◆ **Problem details**: Only the lines below from the one with "ASTM F81-01 - Standard" through the one with "30pcs Plastic Army" are to be written out, exactly and without any images.

◆ **Records provided**:
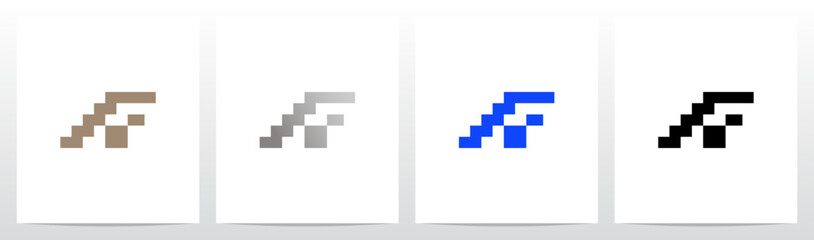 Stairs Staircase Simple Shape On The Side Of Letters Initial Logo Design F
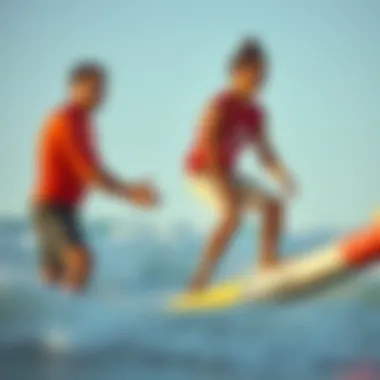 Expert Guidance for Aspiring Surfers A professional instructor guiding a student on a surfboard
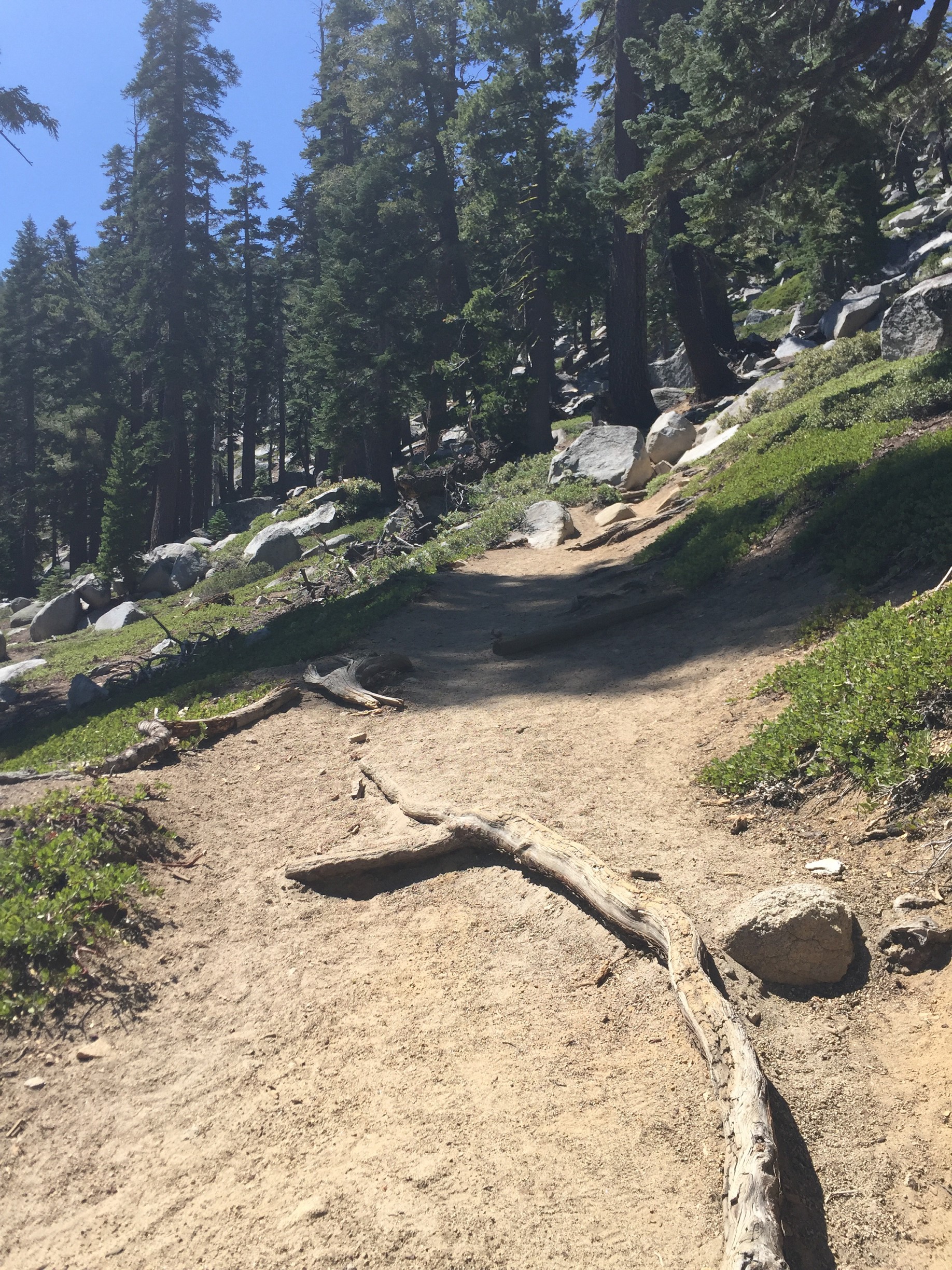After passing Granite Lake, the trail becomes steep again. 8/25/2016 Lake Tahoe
...
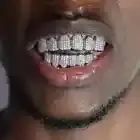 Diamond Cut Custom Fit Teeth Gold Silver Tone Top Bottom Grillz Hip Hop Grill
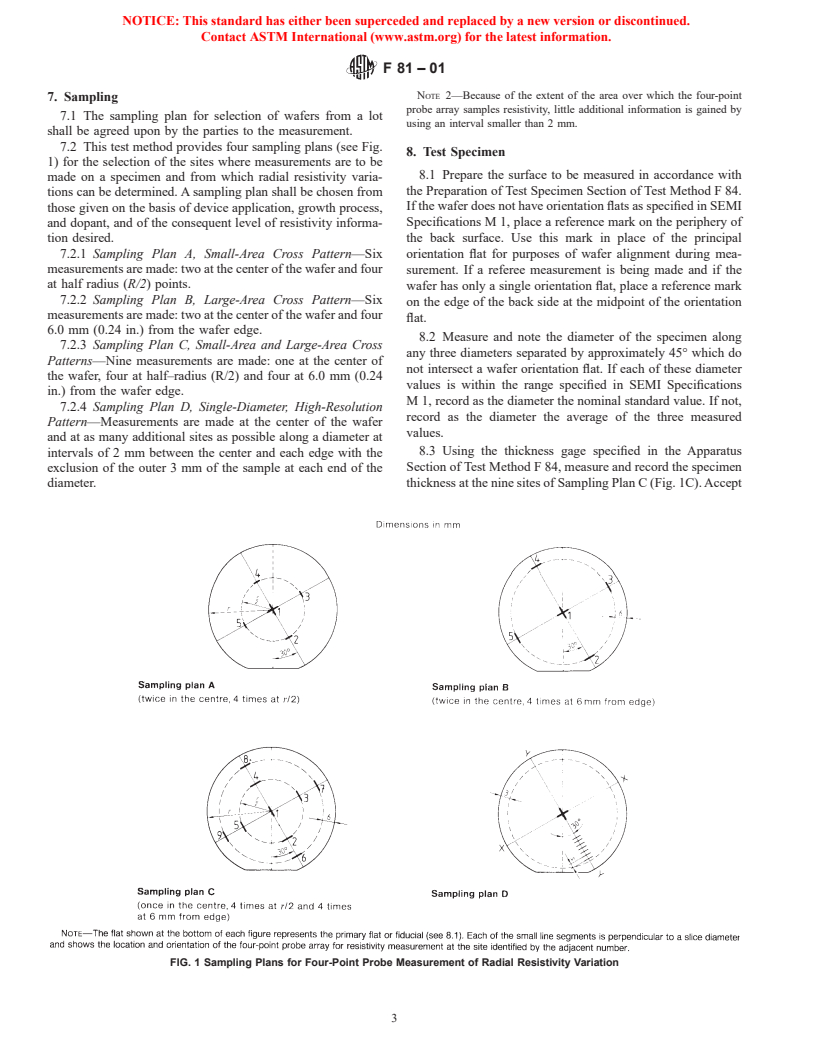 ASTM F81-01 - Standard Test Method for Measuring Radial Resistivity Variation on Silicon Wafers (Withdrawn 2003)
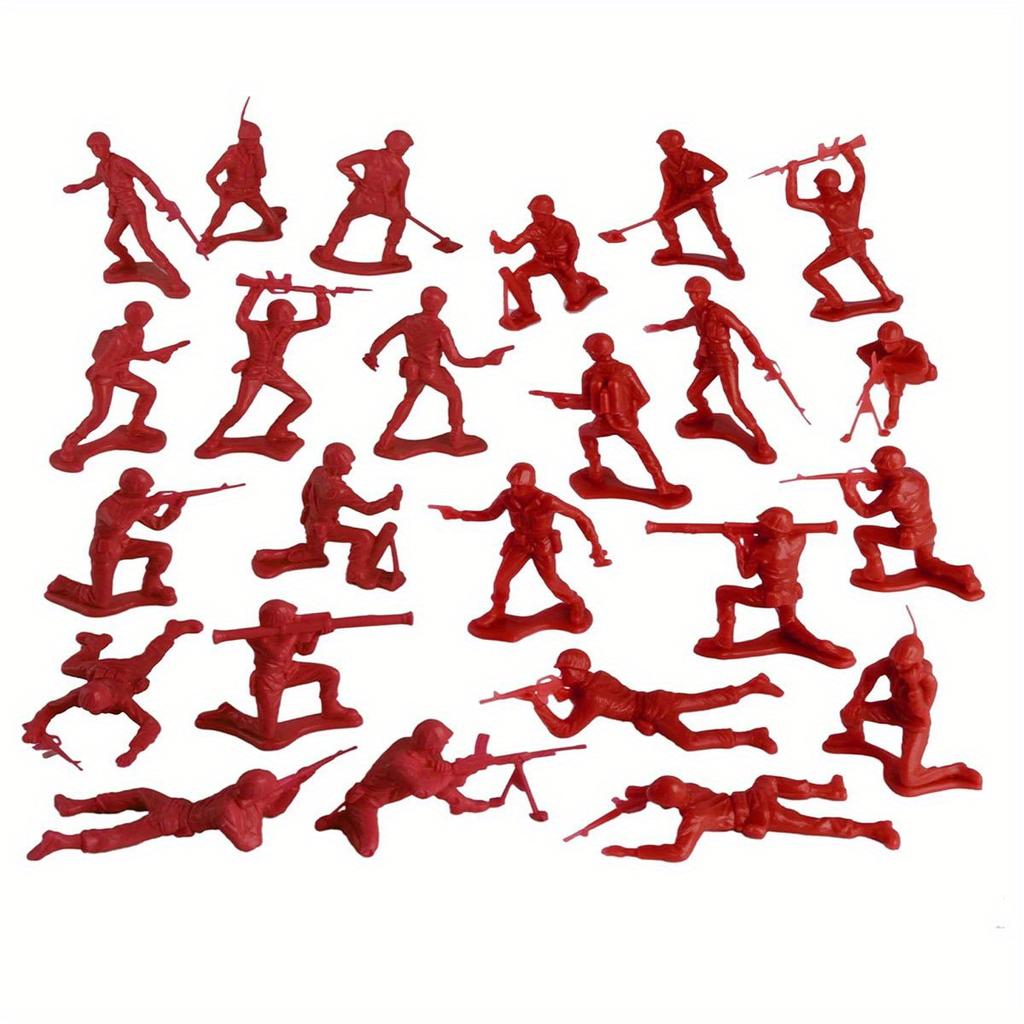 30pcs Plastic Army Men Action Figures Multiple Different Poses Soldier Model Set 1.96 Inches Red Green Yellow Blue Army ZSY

◆ **Your response**:
 ASTM F81-01 - Standard Test Method for Measuring Radial Resistivity Variation on Silicon Wafers (Withdrawn 2003)
 30pcs Plastic Army Men Action Figures Multiple Different Poses Soldier Model Set 1.96 Inches Red Green Yellow Blue Army ZSY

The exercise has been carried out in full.